И всё же, как уже в 1921 году заметил Бертран Расселл, «любовь к чудесному может ввести в заблуждение даже столь внимательного наблюдателя, как Фабр, и столь видного философа, как Бергсон» [81]. Фабр сделал много неверных выводов касательно аммофилы щетинистой, и его критика естественного отбора наиболее решительно опровергнута именно на основании чисто эмпирических наблюдений. По-видимому, взаимоотношения осы и гусеницы – вовсе не игра по принципу «пан или пропал». Верно, что в большинстве случаев оса парализует гусеницу бабочки, жаля ее много раз, однократно в каждый сегмент. Но эта операция не отличается чудесной скрупулезностью и систематичностью, не всегда производится в одном и том же порядке. И гусеница не всегда переживает эти укусы. Иногда личинка осы питается гниющим телом гусеницы. Иногда личинка погибает, придавленная гусеницей, которая корчится. Более того, как предполагали приверженцы рефлексивной и «гормической» теорий, оса адаптирует свое поведение, реагируя на изменчивые внешние раздражители (климат, доступность пищи, состояние и поведение добычи). Оса охотно меняет последовательность и (назовем это так за неимением более подходящего термина) «логику» своих действий по причинам, которые могут быть как очевидно необходимыми, так и, в других случаях, совершенно неясными. Наблюдалось, как оса, ужалив сорок гусениц подряд, затем предпочитала волочь в свое гнездо сорок первую гусеницу, пока не парализованную. Фиксировалось, как осы парализуют свою добычу, но затем не проделывают ничего для строительства гнезда. Люди видели, как некоторые осы жалят добычу наугад, как придется, – казалось, просто старались попытать счастья. Также обнаружилось, что, когда оса жалит добычу, она не только наносит удар, но делает вливание, вводя вещество, которое вызывает мгновенный паралич и оказывает долговременный эффект по ингибированию метаморфоза и поддержанию организма гусеницы в покорном состоянии; итак, воздействие не столько ударное, сколько химическое [82].

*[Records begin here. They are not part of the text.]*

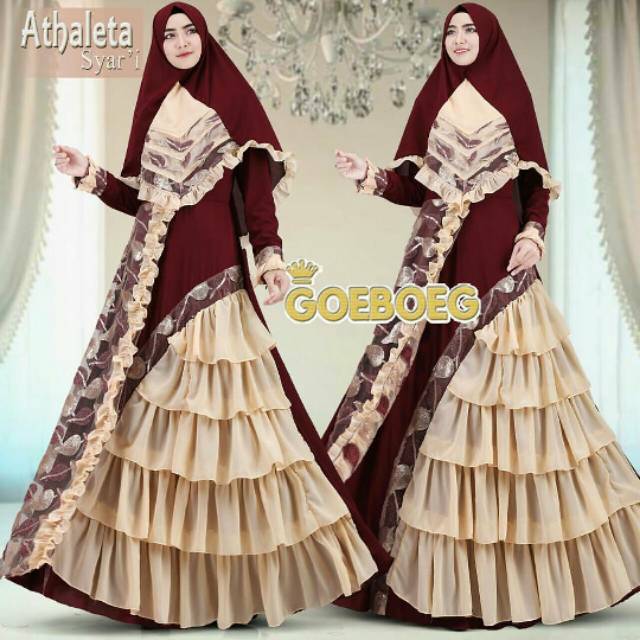 Ready siap kirim.. Athaleta syari by goebog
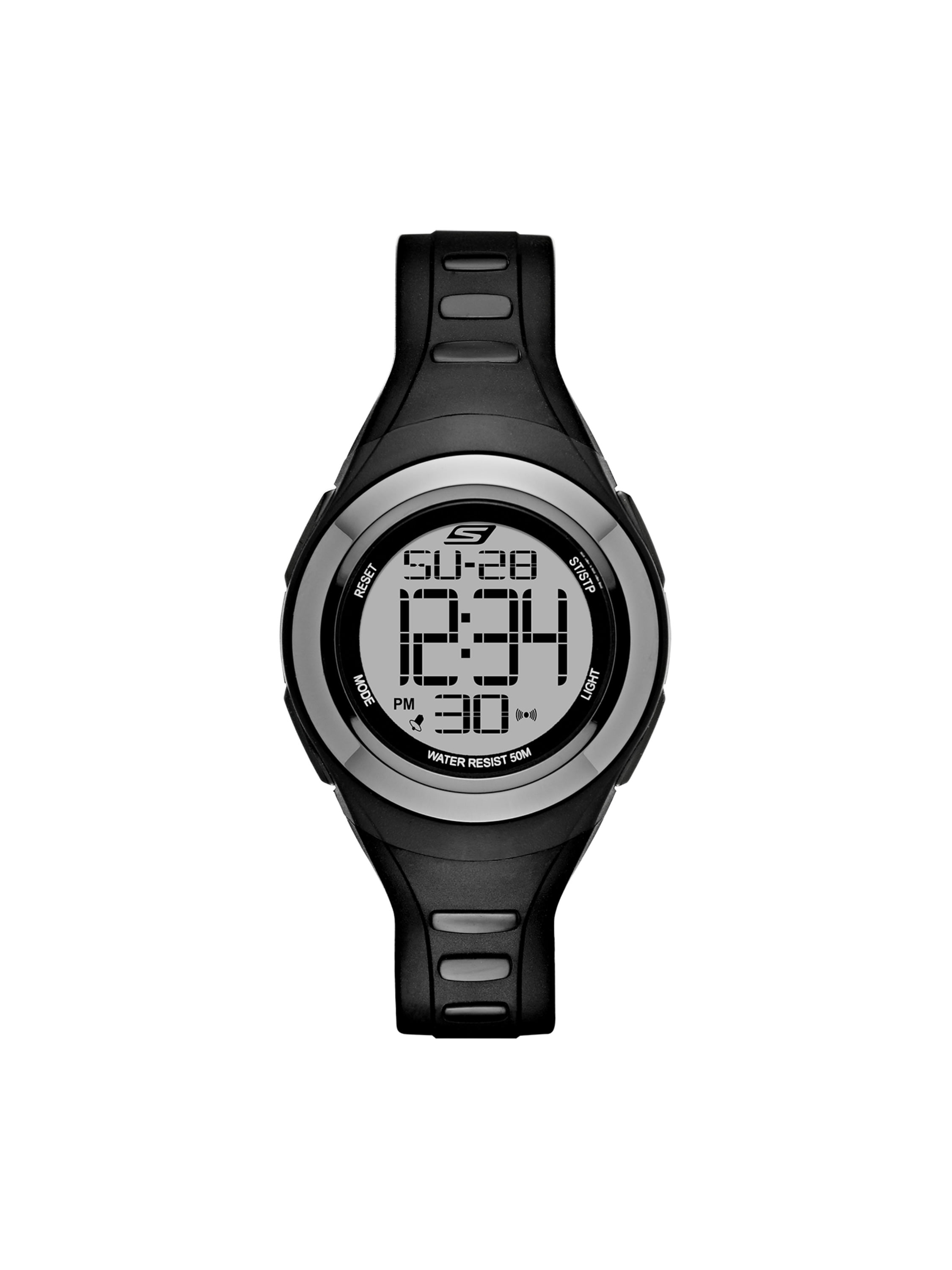 Sag En trofast Svig Skechers Tennyson 33MM Sport Digital Chronograph Watch with Plastic Strap  and Case, Black and Gray - Walmart.com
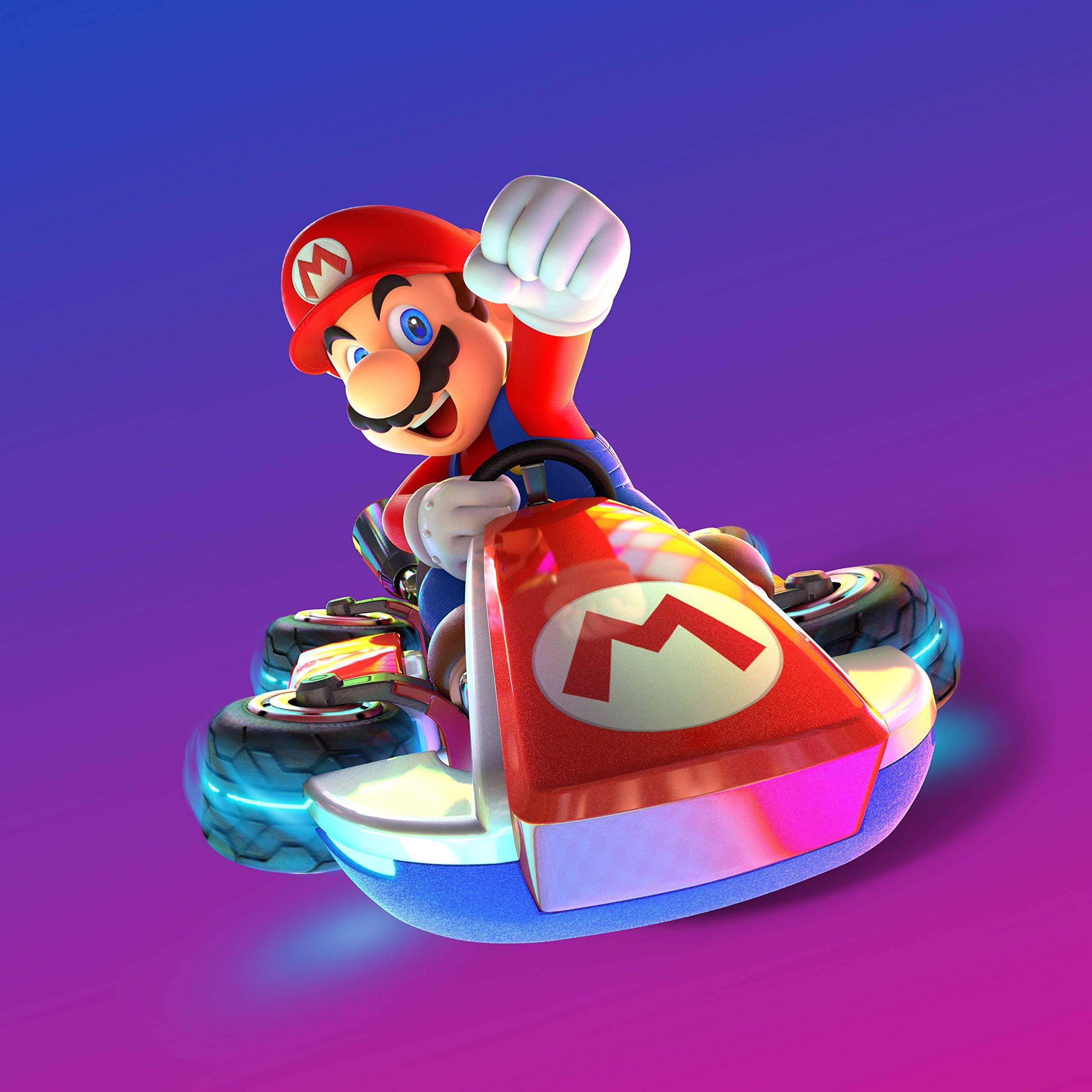 Nintendo Switch - Consola Nintendo Switch Rojo / Azul neón (Modelo 2019) + Mario Kart 8 Deluxe - Edición limitada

В этом есть нечто необъяснимое. И дело не только в осах. Херрнстайн правильно указывает на мистицизм, который скрыт в глубинах теории Фабра. Он понимает, что «расплывчатое изумление», перенимаемое читателями у Фабра, – самое могучее наследие интуитивистского подхода. Но тут есть и свои парадоксы. Фабр заставляет нас признать, что эти животные действуют вслепую, автоматически, не задействуя ни волю, ни намерения. И, чтобы подвести нас к этому выводу, он упоенно описывает поведение животных, полагая: чем оно сложнее, чем более рациональным оно кажется, тем сногсшибательнее будет следующий его шаг, когда он обнажит, что за этим поведением скрывается всего лишь слепой инстинкт, тем вернее он разгромит трансформистов. Эти осы – «хирурги», которые «просчитывают» и «удостоверяются». Их жертвы «сопротивляются». Но эффект оказывается непредвиденным. Фабр очарован. А осы требуют предоставить им слово. Они вселяются в Фабра. Они говорят его устами, живут опосредованно через него. Из его текстов мы выносим впечатление не о неразвитости насекомых, а об их поразительных способностях. В смысле о способностях ос, а также о способностях Фабра. Вопреки его уверениям, чудесен не инстинкт – чудесны сами животные.